U-boats in World War I
I’ve been interested in submarine warfare 0f the Second World War since I was in middle school. There are a lot of books written in English about the German U-boat campaign targeting Allied ships in the Atlantic and also the American submarine war against Japanese merchant shipping in the Pacific. Relatively little has been written in recent times, though, about submarine operations of any nation during the First World War.
That’s why I was happy to discover a copy of Edwyn Gray’s book, The U-boat War: 1914-1918 (which was originally published in the 1970s as The Killing Time) in Manhattan’s mecca for rare books: the Strand Book Store. I’m really glad I bought this book, because after reading it, I disabused myself of several erroneous notions about these early German submarine operations.
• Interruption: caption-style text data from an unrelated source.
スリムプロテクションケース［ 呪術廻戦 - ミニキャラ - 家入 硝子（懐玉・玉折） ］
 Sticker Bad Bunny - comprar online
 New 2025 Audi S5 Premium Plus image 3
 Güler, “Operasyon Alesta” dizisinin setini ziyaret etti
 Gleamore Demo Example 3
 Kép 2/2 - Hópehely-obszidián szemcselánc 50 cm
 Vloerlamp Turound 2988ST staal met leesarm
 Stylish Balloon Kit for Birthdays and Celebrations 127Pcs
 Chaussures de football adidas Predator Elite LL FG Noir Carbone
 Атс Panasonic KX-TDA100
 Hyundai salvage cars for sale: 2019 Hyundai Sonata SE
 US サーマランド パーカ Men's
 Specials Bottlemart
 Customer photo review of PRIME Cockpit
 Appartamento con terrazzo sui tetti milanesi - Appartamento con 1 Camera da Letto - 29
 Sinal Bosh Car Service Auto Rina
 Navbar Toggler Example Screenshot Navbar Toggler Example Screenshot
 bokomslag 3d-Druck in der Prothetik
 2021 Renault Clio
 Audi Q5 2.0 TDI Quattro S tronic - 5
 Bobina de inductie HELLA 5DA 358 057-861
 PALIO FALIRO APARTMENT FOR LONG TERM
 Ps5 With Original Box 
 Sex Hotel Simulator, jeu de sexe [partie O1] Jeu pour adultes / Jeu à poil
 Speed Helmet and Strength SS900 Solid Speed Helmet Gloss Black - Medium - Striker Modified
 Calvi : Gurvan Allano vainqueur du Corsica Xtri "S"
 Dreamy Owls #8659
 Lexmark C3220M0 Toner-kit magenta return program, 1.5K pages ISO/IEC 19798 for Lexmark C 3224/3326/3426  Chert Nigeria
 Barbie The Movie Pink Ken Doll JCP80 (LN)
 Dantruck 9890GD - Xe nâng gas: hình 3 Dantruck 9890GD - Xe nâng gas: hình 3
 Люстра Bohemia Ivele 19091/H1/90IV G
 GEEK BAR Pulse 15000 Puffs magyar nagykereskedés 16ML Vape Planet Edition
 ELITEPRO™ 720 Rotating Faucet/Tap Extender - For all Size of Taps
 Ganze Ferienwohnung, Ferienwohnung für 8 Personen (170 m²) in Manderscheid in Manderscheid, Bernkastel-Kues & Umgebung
For example, I previously believed that German submarines during WWI in comparison to their counterparts in WWII
- were generally smaller, slower, and carried less fuel, crew, and torpedoes,
- exclusively operated in the coastal waters of Western Europe, and
- did not wage as large or effective of a campaign against merchant shipping.
All of these preconceptions turned out to be false. By way of comparing the U-boat campaigns of the First and Second World War, I turned to some data from uboat.net, an ongoing research project by an amateur historian which I’ve enjoyed visiting since I first started using the internet in the mid-1990s.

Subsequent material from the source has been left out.